> **Problem requirements**
Check every line of the records below for the string "Halter" and copy the ones that have it.

> **Excerpted data**
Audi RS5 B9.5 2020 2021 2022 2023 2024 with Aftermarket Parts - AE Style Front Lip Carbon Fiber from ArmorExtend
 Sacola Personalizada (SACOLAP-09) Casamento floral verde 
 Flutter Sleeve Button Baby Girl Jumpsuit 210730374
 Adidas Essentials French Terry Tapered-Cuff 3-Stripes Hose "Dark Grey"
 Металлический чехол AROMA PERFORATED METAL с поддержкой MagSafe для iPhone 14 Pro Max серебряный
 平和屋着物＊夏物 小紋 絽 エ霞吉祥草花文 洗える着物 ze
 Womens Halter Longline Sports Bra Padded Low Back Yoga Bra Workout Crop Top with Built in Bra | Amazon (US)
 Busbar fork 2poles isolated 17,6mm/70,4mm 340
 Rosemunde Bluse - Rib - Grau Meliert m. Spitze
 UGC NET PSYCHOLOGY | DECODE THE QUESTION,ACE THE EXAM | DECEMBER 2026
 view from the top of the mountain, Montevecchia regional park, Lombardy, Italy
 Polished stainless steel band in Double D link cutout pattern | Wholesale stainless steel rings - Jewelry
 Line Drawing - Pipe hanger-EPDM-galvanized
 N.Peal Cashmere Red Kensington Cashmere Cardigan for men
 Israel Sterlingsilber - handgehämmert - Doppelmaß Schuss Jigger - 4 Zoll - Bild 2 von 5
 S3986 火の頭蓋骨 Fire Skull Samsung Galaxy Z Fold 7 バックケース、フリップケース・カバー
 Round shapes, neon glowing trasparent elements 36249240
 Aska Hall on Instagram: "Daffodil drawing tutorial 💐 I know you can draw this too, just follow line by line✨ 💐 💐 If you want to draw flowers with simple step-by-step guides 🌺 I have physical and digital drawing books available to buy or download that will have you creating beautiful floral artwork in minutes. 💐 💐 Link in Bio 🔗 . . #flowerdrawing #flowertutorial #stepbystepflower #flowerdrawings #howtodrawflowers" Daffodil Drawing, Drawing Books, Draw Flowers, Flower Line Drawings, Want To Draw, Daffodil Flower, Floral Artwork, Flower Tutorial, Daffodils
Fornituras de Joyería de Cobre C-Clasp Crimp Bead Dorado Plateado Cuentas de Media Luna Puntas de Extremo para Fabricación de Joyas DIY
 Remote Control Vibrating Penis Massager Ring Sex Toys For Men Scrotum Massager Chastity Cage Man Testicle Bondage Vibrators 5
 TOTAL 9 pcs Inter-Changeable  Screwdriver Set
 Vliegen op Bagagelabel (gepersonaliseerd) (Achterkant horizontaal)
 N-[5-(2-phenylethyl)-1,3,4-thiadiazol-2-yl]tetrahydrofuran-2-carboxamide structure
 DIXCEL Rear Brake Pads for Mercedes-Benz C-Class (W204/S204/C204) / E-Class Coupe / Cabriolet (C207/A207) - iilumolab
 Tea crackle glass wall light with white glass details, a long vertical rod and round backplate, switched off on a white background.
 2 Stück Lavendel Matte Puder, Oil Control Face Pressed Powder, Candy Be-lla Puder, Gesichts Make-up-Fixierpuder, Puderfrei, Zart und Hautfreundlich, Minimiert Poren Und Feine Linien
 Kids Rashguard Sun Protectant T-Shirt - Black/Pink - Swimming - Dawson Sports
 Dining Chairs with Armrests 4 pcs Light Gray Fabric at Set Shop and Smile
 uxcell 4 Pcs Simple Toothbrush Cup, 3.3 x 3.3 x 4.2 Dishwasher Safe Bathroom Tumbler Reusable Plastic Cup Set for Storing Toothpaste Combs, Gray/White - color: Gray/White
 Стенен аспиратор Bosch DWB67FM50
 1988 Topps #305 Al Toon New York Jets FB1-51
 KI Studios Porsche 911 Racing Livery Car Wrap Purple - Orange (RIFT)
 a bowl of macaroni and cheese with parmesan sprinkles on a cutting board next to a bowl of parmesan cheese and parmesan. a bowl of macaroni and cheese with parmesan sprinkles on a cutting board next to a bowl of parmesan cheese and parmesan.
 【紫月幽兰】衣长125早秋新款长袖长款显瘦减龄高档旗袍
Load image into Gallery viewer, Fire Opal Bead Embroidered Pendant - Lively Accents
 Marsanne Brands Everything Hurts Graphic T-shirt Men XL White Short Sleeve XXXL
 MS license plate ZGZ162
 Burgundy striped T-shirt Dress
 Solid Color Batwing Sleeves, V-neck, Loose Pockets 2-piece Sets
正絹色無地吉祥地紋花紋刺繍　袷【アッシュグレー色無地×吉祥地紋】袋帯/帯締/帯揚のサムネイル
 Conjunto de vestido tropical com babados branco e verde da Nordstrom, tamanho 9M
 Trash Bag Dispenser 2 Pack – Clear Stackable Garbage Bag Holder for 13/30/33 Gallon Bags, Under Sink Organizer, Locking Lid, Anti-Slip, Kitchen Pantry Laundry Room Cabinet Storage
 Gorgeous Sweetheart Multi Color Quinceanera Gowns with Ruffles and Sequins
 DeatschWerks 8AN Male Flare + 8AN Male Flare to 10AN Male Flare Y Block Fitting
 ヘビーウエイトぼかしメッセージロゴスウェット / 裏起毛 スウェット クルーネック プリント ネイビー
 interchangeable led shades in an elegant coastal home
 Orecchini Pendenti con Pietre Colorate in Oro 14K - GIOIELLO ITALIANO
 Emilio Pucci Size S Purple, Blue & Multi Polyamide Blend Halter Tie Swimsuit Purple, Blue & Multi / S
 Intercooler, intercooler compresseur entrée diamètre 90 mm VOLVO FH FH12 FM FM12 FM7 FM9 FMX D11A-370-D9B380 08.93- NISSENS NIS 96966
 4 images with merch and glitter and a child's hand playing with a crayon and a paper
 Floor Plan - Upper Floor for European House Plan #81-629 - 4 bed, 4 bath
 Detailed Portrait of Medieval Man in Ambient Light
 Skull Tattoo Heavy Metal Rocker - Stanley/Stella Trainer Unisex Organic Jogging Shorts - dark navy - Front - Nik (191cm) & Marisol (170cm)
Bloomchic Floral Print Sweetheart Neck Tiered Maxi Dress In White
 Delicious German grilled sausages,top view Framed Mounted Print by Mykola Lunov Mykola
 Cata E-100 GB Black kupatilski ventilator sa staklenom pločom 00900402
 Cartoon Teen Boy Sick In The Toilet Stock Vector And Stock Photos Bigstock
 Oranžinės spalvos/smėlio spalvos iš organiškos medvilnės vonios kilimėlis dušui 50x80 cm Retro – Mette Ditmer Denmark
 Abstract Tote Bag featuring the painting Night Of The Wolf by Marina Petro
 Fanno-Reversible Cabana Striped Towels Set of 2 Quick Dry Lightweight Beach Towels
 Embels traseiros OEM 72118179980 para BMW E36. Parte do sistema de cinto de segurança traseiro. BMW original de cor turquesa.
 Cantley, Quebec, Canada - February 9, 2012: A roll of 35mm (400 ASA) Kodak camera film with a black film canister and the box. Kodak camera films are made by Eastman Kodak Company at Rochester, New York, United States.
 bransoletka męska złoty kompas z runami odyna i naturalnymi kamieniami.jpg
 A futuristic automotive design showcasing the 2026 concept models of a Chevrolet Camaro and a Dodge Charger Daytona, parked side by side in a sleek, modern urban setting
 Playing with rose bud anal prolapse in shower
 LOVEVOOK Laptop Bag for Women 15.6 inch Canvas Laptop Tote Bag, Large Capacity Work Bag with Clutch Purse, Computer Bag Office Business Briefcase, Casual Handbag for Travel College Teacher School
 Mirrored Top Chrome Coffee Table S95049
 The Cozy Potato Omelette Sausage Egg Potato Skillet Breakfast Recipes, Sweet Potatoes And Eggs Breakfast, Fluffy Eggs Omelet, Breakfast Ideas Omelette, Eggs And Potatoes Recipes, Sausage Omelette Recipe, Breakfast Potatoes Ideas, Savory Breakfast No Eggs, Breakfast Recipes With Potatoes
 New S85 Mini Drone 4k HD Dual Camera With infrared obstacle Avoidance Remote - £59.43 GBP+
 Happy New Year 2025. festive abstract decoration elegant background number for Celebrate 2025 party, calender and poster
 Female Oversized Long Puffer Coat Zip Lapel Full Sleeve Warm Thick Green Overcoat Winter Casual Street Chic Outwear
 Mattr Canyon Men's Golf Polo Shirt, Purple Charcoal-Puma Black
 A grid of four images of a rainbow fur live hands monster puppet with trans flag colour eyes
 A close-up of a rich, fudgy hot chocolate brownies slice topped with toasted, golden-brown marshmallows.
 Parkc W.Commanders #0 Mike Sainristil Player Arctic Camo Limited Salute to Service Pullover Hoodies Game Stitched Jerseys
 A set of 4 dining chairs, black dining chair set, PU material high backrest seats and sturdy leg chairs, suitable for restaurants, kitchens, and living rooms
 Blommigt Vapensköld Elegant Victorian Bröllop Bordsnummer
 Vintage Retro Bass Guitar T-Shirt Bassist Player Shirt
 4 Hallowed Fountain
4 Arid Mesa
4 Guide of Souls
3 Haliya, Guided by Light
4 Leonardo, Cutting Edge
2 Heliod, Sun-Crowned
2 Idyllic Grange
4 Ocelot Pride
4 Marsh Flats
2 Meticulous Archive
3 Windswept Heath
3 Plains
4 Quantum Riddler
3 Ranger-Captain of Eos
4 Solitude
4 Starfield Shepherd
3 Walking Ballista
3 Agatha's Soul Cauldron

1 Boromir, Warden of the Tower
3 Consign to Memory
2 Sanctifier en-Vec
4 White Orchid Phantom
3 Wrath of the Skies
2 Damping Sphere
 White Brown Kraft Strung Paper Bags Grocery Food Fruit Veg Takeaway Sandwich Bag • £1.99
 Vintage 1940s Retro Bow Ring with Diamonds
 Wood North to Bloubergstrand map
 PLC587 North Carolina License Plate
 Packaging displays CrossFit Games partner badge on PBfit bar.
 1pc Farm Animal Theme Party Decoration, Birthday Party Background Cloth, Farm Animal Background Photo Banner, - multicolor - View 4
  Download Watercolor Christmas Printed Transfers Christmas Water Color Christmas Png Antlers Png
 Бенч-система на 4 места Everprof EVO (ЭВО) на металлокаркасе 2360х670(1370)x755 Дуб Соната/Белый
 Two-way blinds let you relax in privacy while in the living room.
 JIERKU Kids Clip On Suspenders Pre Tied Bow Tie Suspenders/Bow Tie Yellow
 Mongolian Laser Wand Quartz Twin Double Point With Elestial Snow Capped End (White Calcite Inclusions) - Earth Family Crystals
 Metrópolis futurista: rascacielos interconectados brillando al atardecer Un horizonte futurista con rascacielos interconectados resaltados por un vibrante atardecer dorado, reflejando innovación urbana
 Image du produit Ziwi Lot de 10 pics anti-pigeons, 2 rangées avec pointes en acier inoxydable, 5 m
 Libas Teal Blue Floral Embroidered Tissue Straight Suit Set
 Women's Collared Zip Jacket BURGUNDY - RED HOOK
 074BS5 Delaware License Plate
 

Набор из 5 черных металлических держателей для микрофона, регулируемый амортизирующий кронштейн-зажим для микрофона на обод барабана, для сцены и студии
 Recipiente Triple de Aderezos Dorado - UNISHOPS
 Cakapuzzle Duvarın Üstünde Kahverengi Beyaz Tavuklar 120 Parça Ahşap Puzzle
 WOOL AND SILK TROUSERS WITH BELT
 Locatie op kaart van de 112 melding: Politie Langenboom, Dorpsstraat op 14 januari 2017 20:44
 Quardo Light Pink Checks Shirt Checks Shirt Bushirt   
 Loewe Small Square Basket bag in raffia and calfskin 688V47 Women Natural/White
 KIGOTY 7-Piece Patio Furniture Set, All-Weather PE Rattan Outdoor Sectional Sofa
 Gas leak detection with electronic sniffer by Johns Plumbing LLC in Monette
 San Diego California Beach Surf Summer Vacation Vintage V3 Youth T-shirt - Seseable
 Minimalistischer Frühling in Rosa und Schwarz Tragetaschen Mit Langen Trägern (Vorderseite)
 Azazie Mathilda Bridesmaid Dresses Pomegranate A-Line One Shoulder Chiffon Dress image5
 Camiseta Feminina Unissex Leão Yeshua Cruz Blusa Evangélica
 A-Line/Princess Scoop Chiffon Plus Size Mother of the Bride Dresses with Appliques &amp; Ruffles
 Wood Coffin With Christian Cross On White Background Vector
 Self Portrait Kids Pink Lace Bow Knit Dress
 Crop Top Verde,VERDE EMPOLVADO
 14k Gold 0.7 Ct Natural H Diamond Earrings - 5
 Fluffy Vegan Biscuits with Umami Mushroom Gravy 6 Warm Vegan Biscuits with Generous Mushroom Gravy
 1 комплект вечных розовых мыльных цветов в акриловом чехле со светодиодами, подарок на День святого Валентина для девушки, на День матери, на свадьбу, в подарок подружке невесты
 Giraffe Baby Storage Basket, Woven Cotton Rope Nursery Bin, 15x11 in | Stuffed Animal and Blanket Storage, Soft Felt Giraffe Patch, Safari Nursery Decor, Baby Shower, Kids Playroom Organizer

> **Task result**
 Womens Halter Longline Sports Bra Padded Low Back Yoga Bra Workout Crop Top with Built in Bra | Amazon (US)
 Emilio Pucci Size S Purple, Blue & Multi Polyamide Blend Halter Tie Swimsuit Purple, Blue & Multi / S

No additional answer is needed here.